Exercise instructions: Your answer must be the records below, given again exactly, with no pictures in it.

####################

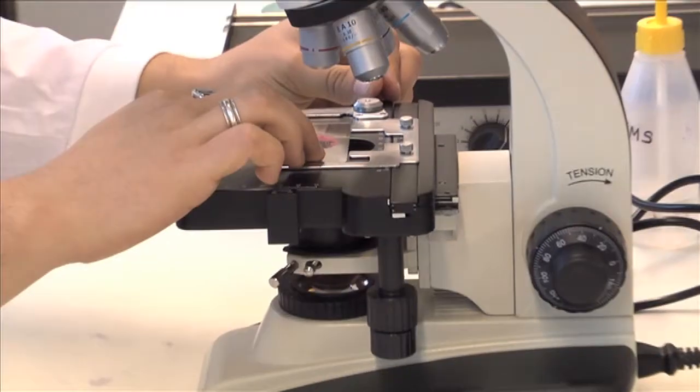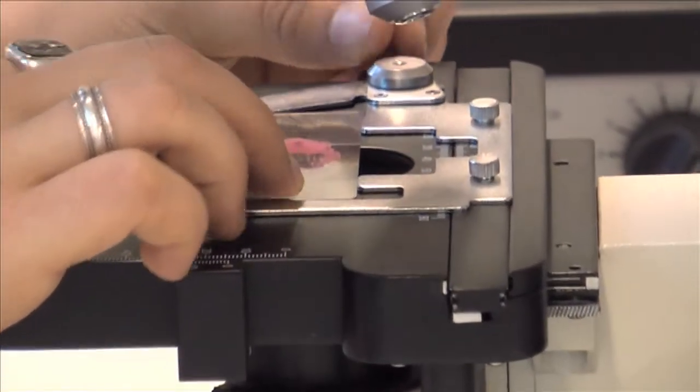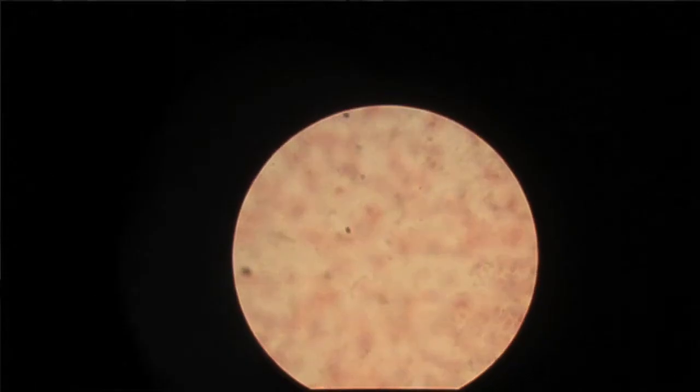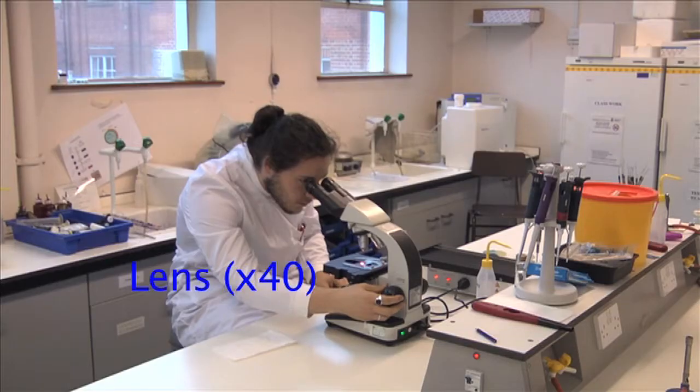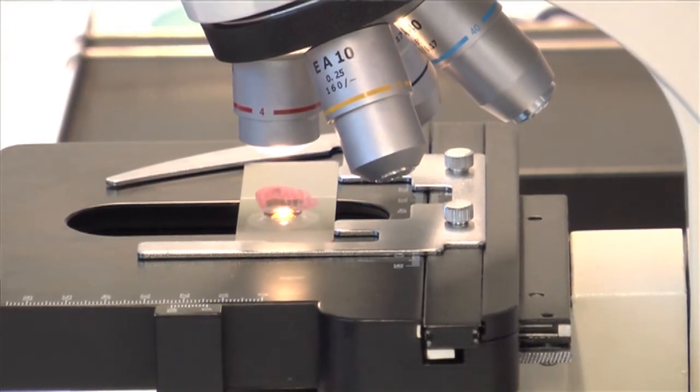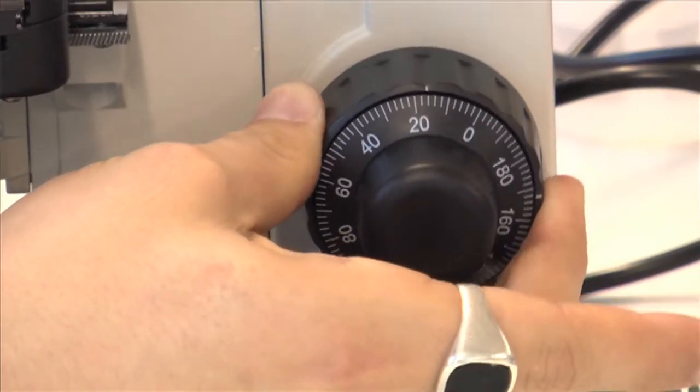Place the slide carefully onto the mounting stage. Be sure to start on the x40 magnification, or the red striped lens. Focus using the coarse focus — that's the outer ring — to get the sample into view. And then use the inner knob to fine focus and get a better picture.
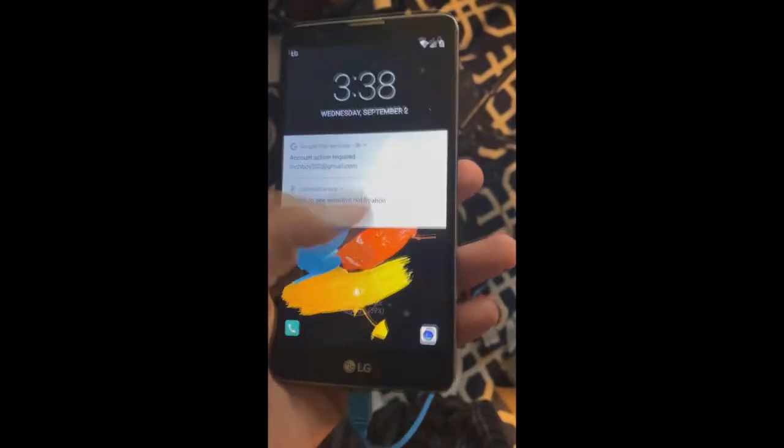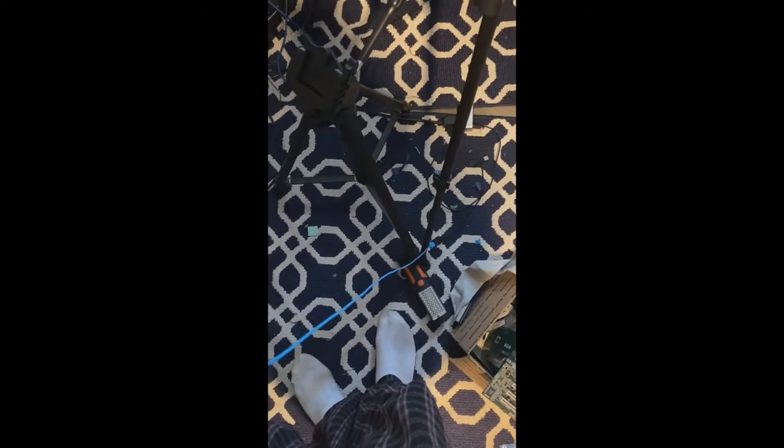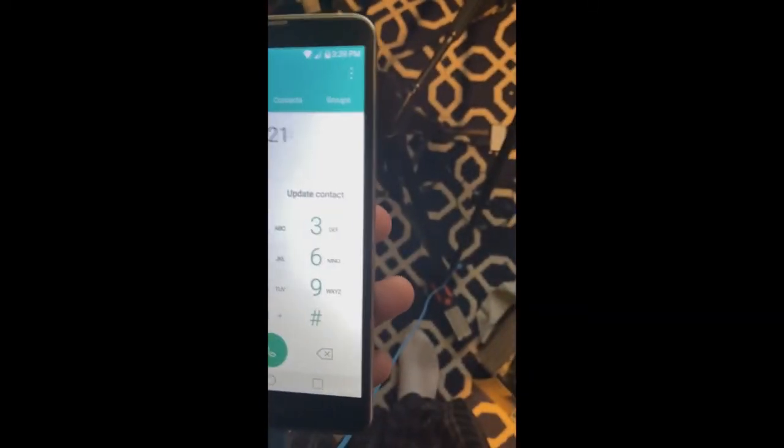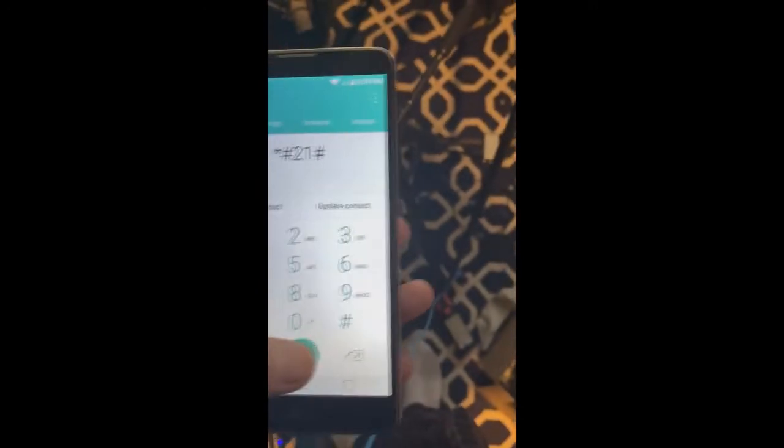Hello everybody, welcome to the channel. People have been asking me what will happen if you dial star pound 21 pound on an Android device. This is my Android device, the one I've been using to film videos. I bought a new camera but I'm missing a part and unfortunately I don't have money to buy it, so what we're going to do right now is see what happens when you dial star pound 21 pound on an Android device. Here we go.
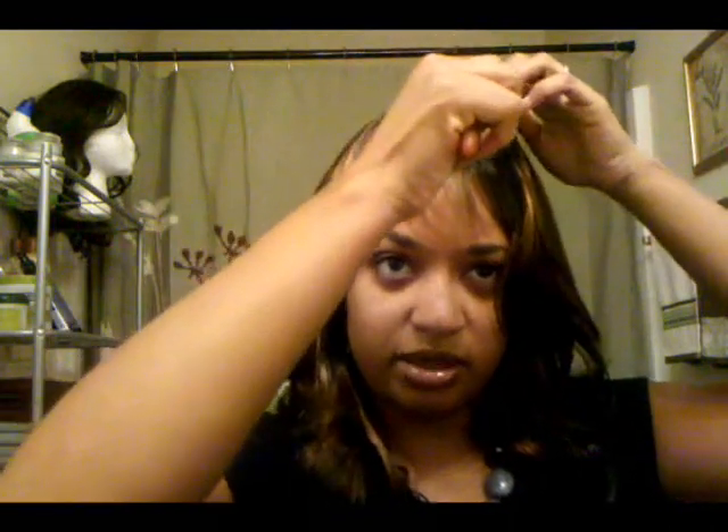Let's try it on. I forgot to put the wig cap on, but that's all right — you can wear it with a wig cap or not. Pretty. Let me comb it out, see what's going on. This is very different — this is not something I'd normally even think about. That's kind of swept to the side. Interesting, very interesting.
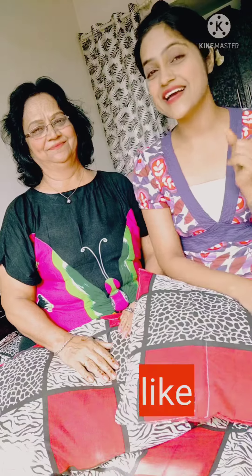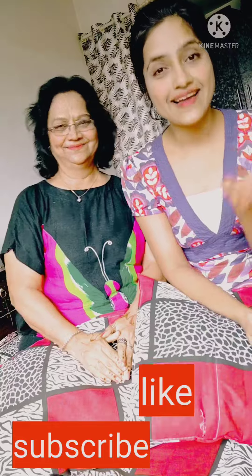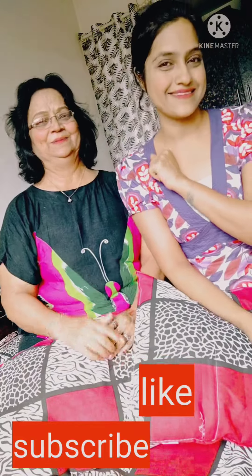So guys, apply it on your face for 10 minutes. If you liked this, don't forget — do like it on our channel, like it, subscribe it. Thank you.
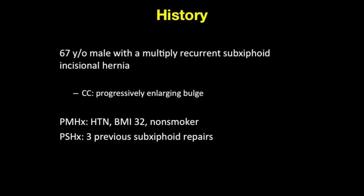Our patient is a 67-year-old male with a multiply recurrent subxiphoid incisional hernia. While he denied pain, he did complain of an aggressively enlarging bulge over the last year. Past medical history was significant for hypertension. His BMI was 32. He was a non-smoker. Past surgical history includes three previous subxiphoid repairs.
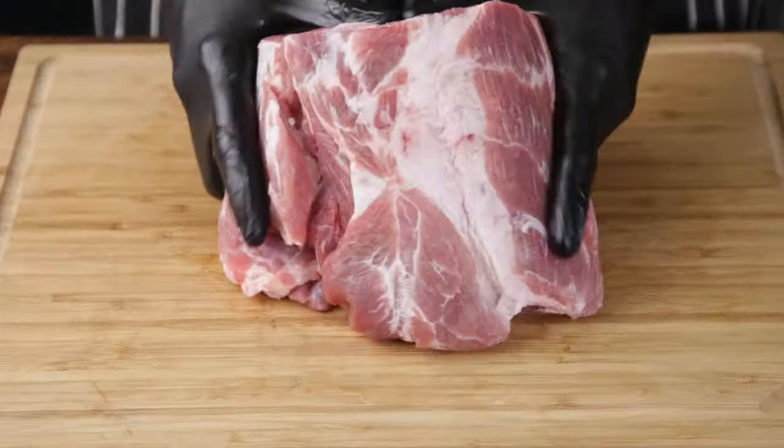Most of you watching probably know what droëwors is. It's South African dried sausage. Today we're making all kinds of droëwors, so get comfy and get a drink if you're allowed to. Different ways, different meats — including the one they said can't be done: pork.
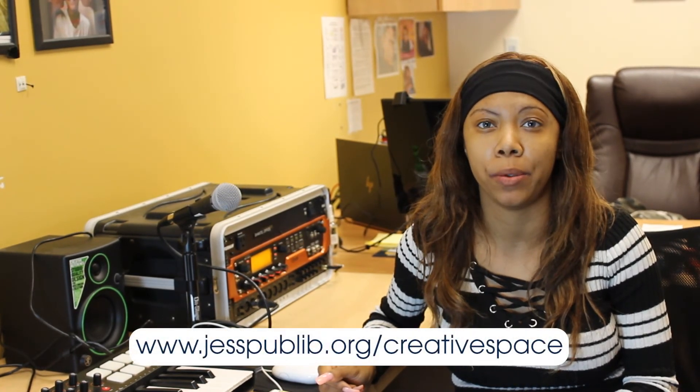I hope you enjoyed this video. If you would like to see more Maker Monday videos, check out this playlist. You can also learn more about the JCPL Maker Space at www.jesspublib.org.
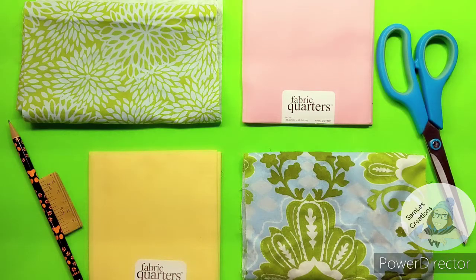Hello everybody! Welcome to today's video. Today we will be cutting out all of our patterns.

####################

Exercise answer:
Place the slide carefully onto the mounting stage. Be sure to start on the x40 magnification, or the red striped lens. Focus using the coarse focus — that's the outer ring — to get the sample into view. And then use the inner knob to fine focus and get a better picture.
Hello everybody, welcome to the channel. People have been asking me what will happen if you dial star pound 21 pound on an Android device. This is my Android device, the one I've been using to film videos. I bought a new camera but I'm missing a part and unfortunately I don't have money to buy it, so what we're going to do right now is see what happens when you dial star pound 21 pound on an Android device. Here we go.
Let's try it on. I forgot to put the wig cap on, but that's all right — you can wear it with a wig cap or not. Pretty. Let me comb it out, see what's going on. This is very different — this is not something I'd normally even think about. That's kind of swept to the side. Interesting, very interesting.
So guys, apply it on your face for 10 minutes. If you liked this, don't forget — do like it on our channel, like it, subscribe it. Thank you.
Our patient is a 67-year-old male with a multiply recurrent subxiphoid incisional hernia. While he denied pain, he did complain of an aggressively enlarging bulge over the last year. Past medical history was significant for hypertension. His BMI was 32. He was a non-smoker. Past surgical history includes three previous subxiphoid repairs.
Most of you watching probably know what droëwors is. It's South African dried sausage. Today we're making all kinds of droëwors, so get comfy and get a drink if you're allowed to. Different ways, different meats — including the one they said can't be done: pork.
I hope you enjoyed this video. If you would like to see more Maker Monday videos, check out this playlist. You can also learn more about the JCPL Maker Space at www.jesspublib.org.
Hello everybody! Welcome to today's video. Today we will be cutting out all of our patterns.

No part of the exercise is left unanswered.